[元警察官が解説] 電動キックボードって本当に安全に走れるの?
都内を中心に普及してきた電動キックボード。免許やヘルメット不要という気軽さから利用者も増えているが、交通ルールを無視した走行も相次いでおり、度々問題となっている。安全安心に乗るためのポイントを元白バイ警官の宅島奈津子さんが語る。 【写真をまとめて見る】〈2024年5月版〉50cc原付バイクおすすめ12選 2023年7月に道路交通法の一部が改正され、電動キックボードに代表される特定小型原動機付自転車という区分が創設されました。

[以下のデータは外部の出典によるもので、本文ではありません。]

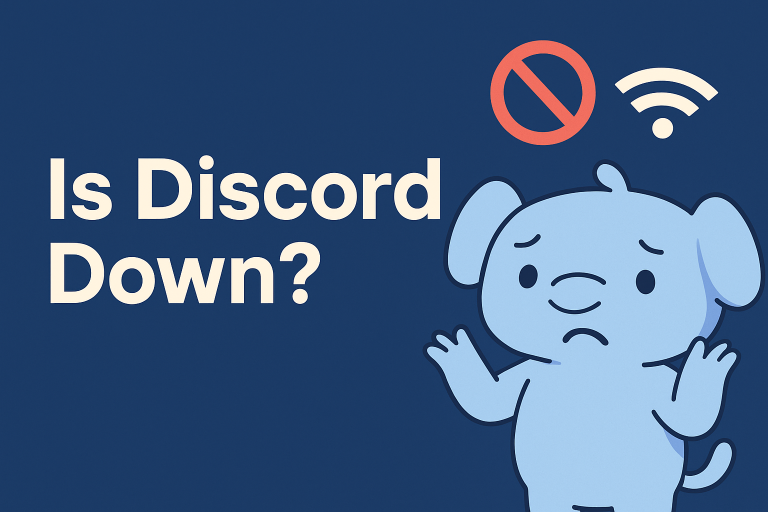 Cute Wumpus worried with text Is Discord Down? on dark blue background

これに伴い、16歳以上であれば免許なしでも乗車することができるようになったのは記憶に新しいところです。 ところがそんな気軽さも相まってか、乗車マナーの欠如や違反行為、交通事故の増加しているといった現状が問題視されています。
免許不要となったことへの賛否両論の意見
この電動キックボード、都心ではちらほら見かけるようになりましたが、地方ではまだまだ馴染みのない乗り物。免許がなくても乗車できるといった気軽さから、今後さらに利用者数が増加していくものだと言われています。 生活利便を追求し、利便性が上がるとマイナスの面やデメリットといったことも生じてくるのはこの電動キックボードに関しても同様です。 車に乗るほどでもない、だけど歩くには遠い、といった距離を移動するには最適でコンパクトなのにモーターのおかげで楽に乗ることができ、排気ガスを出すこともないとメリットはたくさんあります。 しかしデメリットとして、危険性が挙げられるようになってきました。 冒頭で道路交通法の一部が改正されたことを述べましたが、運転免許がなくても乗車可能としたのはなぜなのか、といった議論も挙がっています。電動キックボードによる違反行為が急増し、その違反行ためによって引き起こされる交通事故も増加しているわけです。 その理由は簡潔に言えば、性能上の最高速度や大きさが自転車と同程度であるためとされています。自転車と同じように守るべき交通ルールが明確化され、それらを徹底的に周知させることで交通秩序が確立していくのではないかという見立てなのです。個人的にはこれは安易な考え方ではないか、というふうにも感じます。 だからといって私自身は反対派なのかと言ったらそうではありません。私自身、オートバイが大好きなので、いろんな乗り物があっていいと思っています。 ただ、免許がないということは、交通ルールを知らない/交通マナーを守れない、ということ。 そんな人たちが道路交通法上の“車両”を運転するとなると、あちこちで事故が起こるということは容易に想像できることです。ふだん、車道を走っているのはほとんどが免許を持っている人たちですが、それでも交通事故が日常的に起こっています。 免許を持っていても事故が起きるのに、持っていない人が運転するとさらに事故が増えることは明らかなのです。